A review of the classic novel “Orlando” by Virginia Woolf

Having seen the 1992 film version with Tilda Swinton in the titular role and the 2022 theatre adaptation starring Emma Corrin, I thought that I would tackle the original 1928 novel. The eponymous hero is a male noble man and poet in the early 17th century who lives until the time of Woolf, about half way through this period of more than three centuries changing gender from a man to a woman, along the way meeting a succession of poets, writers and critics.

I confess that I did not find it an easy read. There is minimal plot, only six (untitled) chapters, and lots of long sentences and really long paragraphs (the lengthiest paragraph is almost three pages).
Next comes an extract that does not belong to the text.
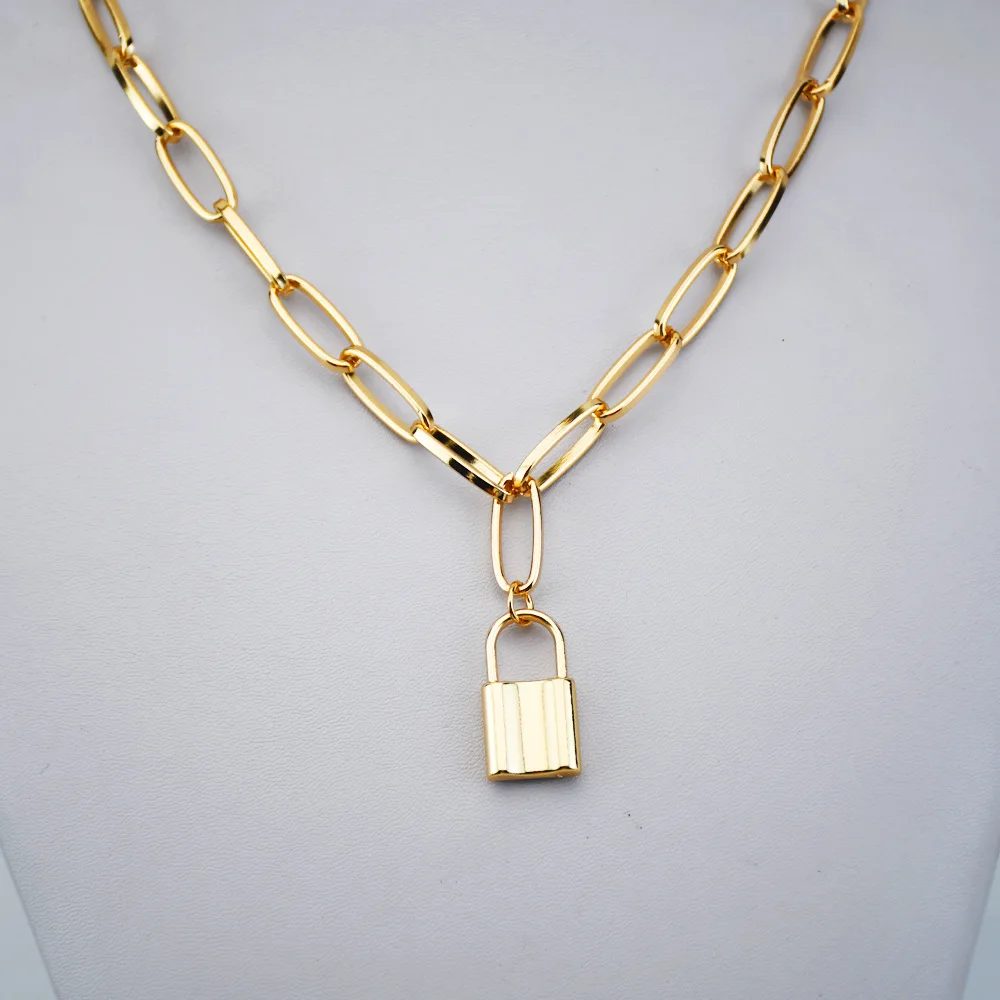 Женское ювелирное изделие чокер золотого цвета в стиле рок ожерелье с замком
The writing is impressive but the language is flowery, even flamboyant. The novel is inspired by, and dedicated to, Woolf’s lover Vita Sackville-West and there are multitudinous references to literary characters and works plus Sackville-West’s life and family. The Penguin Classics version of the book that I read had over 30 pages of notes.

The work is presented as a biography, complete with eight photographs, but the elongation of a lifetime and the gender transformation of this life make it a most unusual and unreliable biography. The whole work is a satire and there are some humorous characterisations. Woolf wrote of her book that “it is all a joke” and called it “a writer’s holiday”.

However, Orlando has two periods when he falls asleep for a week and has “his moods of melancholy”, while Woolf herself was subject to breakdowns throughout her life and eventually drowned herself in the River Ouse. I know that the novel is a classic, but there were times when I almost fell asleep or contemplated throwing myself in the River Thames.